Impressively, we were the only one of our industry peers to move up on the list, further evidence that we're on a good track as a company.
The question of where David Ferrari was had haunted retired U.S. Army Sergeant Major Vincent Salceto for the better part of 66 years.
Rarely did a week go by that Salceto didn't think about his old friend. Often, he relived their last moments together in a recurring nightmare. In it, it's once again 1953 and Salceto and Ferrari are patrolling a valley in what is now North Korea. Suddenly, explosions shatter the silence and flares light up the night sky.
Crouching under a barrage of bullets, Salceto, the squad's leader, drags two of his men to safety, then he sees Ferrari lying face down on the ground. He runs out to help him, but he's too late. And that's when he always wakes up.
Italian Americans from opposite coasts – Salceto from Philadelphia, Ferrari from San Francisco – the two became close, almost like brothers, after being assigned to the same unit during the Korean War. When Ferrari died, it hit Salceto hard.
"After that, I never let anyone get close to me like I did with Dave," he says. "I couldn't; I didn't want to go through that again."
When the war ended, Salceto wanted to tell Ferrari's family how brave their son and brother had been in battle. Most of all, he wanted to salute his friend at his gravesite and give him a proper farewell.
For decades, though, Salceto had no luck finding his final resting place or locating any of his relatives. Then, in June of this year, he uncovered a clue that led him to the Italian Cemetary in Colma, California, where Ferrari is buried.
Within days, Salceto, who lives in Franklinville, New Jersey, was packed and sitting aboard United Flight 731 from Philadelphia to San Francisco with his wife, Amy, and daughter, Donna Decker, on his way to Colma. For such a meaningful trip, he even wore his Army dress uniform.
That's how San Francisco-based flight attendant Noreen Baldwin spotted him as he walked down the jet bridge to get on the plane.
"I saw him and said to the other crew members, 'Oh my goodness, look at this guy,'" she says. "I knew there had to be a story."
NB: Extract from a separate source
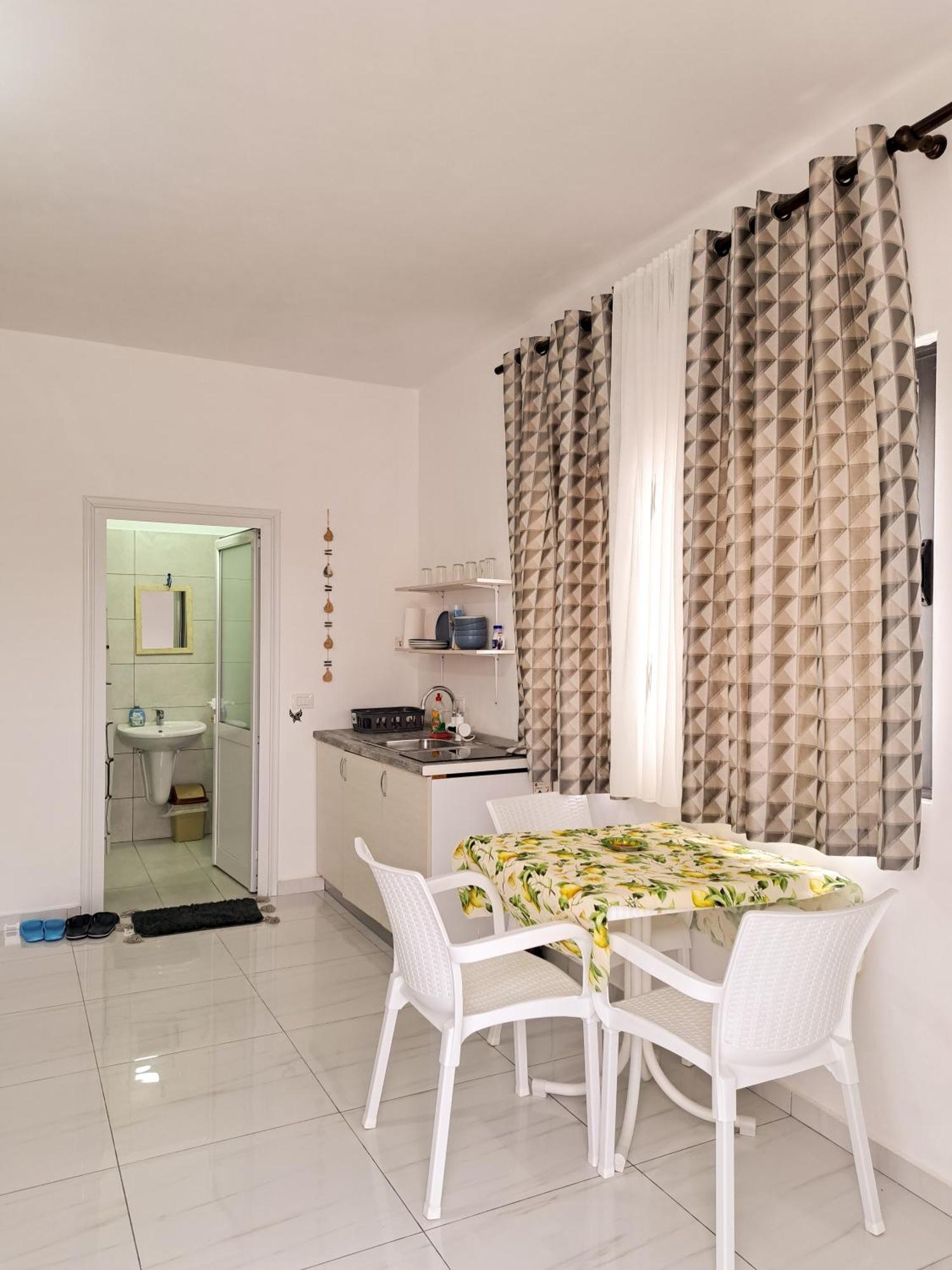 Troi Beach House Vlore Room photo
The two struck up a conversation and Salceto told Baldwin why he was traveling. She got emotional listening to him talk and made a point of fussing over him, making sure he and his family had everything they needed.
About halfway through the flight, Baldwin had an idea. She and her fellow crew members would write messages of encouragement to Salceto and invite his fellow passengers to do the same.
"We did it discreetly," says Baldwin. "I asked the customers if they saw the man in uniform, which most had, and asked them if they wanted to write a few words for him on a cocktail napkin. A lot of people did; families did it together, parents got their kids to write something. After the first few rows, I was so choked up that I could barely talk."
When Baldwin surprised Salceto with dozens of hand-written notes, he, too, was speechless. He laid the stack on his lap and read each one. At the same time, the pilots made an announcement about the veteran over the loud speaker, after which the customers on board burst into applause.
"It seems contrived, and I hate using the word organic, but that's what it was; it just happened," Baldwin says. "Mr. Salceto was so loveable and humble, and what he was doing was so incredible, it felt like the right thing to do. And you could tell he was touched."
On June 27, Salceto finally stood before Ferrari's grave and said that long-awaited goodbye. As a trumpeter played "Taps," he unpinned a medal from his jacket and laid it reverently on the headstone.
"I had gotten a Bronze Star for my actions [the night Ferrari died] with a 'V' for valor, and that was the medal I put on Dave's grave," says Salceto, pausing to fight back tears. "I thought he was more deserving of it than I was."
For the first time in years, Salceto felt at peace. His mission was accomplished.